We hoped to find the broken lead using a very advanced micron resolution CAT scanner designed for connectors, which would have given us 3D images which could definitively identify the exact location of the break in the wire.
Unfortunately, the scanner we wanted to use has a maximum volume for samples which is smaller than the end of the B12 module. We had another scanner lined up here in Silicon Valley but it has the same restrictions. A set of ordinary X-rays were taken but since they are both flat and low resolution, we couldn't spot the break.
An attempt to use Time Domain Reflectometry (TDR) was also inconclusive. TDR sends sharp but low power pulses down a wire. Any place where the impedance is not perfectly matched will impact the shape seen at the origin. An open circuit will cause a reflection to come back. The time between pulse transmission and reception of the reflection tells you the round trip travel time down the wire.

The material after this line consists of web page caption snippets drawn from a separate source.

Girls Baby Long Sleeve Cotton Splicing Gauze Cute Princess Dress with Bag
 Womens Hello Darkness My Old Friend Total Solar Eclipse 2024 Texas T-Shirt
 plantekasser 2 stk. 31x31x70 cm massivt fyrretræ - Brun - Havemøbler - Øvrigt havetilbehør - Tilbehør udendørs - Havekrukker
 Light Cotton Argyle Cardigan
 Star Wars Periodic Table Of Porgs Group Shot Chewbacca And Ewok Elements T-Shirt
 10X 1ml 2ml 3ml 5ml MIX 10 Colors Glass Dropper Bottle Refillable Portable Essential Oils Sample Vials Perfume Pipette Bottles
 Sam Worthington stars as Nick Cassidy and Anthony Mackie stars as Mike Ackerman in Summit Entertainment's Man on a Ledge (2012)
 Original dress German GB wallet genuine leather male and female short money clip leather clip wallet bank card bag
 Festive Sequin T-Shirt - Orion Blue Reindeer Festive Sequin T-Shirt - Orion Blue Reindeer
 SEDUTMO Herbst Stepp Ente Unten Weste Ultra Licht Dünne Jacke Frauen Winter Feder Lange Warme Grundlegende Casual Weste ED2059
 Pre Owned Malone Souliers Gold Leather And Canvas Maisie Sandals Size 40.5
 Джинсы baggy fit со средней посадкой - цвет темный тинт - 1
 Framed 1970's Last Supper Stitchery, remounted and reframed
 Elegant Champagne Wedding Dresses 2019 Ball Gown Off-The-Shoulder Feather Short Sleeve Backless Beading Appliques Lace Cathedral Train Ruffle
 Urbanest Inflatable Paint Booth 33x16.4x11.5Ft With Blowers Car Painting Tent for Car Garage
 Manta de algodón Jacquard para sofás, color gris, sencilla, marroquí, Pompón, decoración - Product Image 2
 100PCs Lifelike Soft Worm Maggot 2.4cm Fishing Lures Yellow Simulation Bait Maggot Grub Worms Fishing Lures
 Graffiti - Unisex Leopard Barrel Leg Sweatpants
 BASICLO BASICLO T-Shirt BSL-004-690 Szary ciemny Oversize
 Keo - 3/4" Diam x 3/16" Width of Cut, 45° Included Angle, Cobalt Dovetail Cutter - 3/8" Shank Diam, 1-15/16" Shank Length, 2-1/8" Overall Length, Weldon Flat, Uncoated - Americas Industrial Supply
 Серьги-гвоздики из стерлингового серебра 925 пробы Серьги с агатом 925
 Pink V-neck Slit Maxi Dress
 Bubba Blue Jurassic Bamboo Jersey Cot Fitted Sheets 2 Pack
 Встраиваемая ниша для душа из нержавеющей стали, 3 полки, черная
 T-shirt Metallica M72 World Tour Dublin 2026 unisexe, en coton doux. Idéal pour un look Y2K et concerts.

Our real world module has several places where impedance changes, complicating the use of TDR. Wire is connected to the input pin, producing one discontinuity. We are not sure how the small magnetic cores will affect the pulse, potentially producing some kind of distortion that might appear to be a reflection.
The first try with TDR gave a distance of approximately five inches, which is worrisome as it might be inside the core planes themselves where a repair would be extraordinarily harder than if it was in wire between the pins and the outside of the core planes.
At this point, we still don't have enough information to pin down the location and type of failure, nor can we plan a safe and minimal intervention to repair it.
We are working on a range of other solutions in case the module can't be repaired. More on these later, but first we will attempt to remove the metal cover over the module and see what is exposed and the exact potting we might be facing.
There is also the possibility, although slim, that the lack of connectivity is normal for these modules. We have arranged a chance to test a module at a local museum to cross check against our own.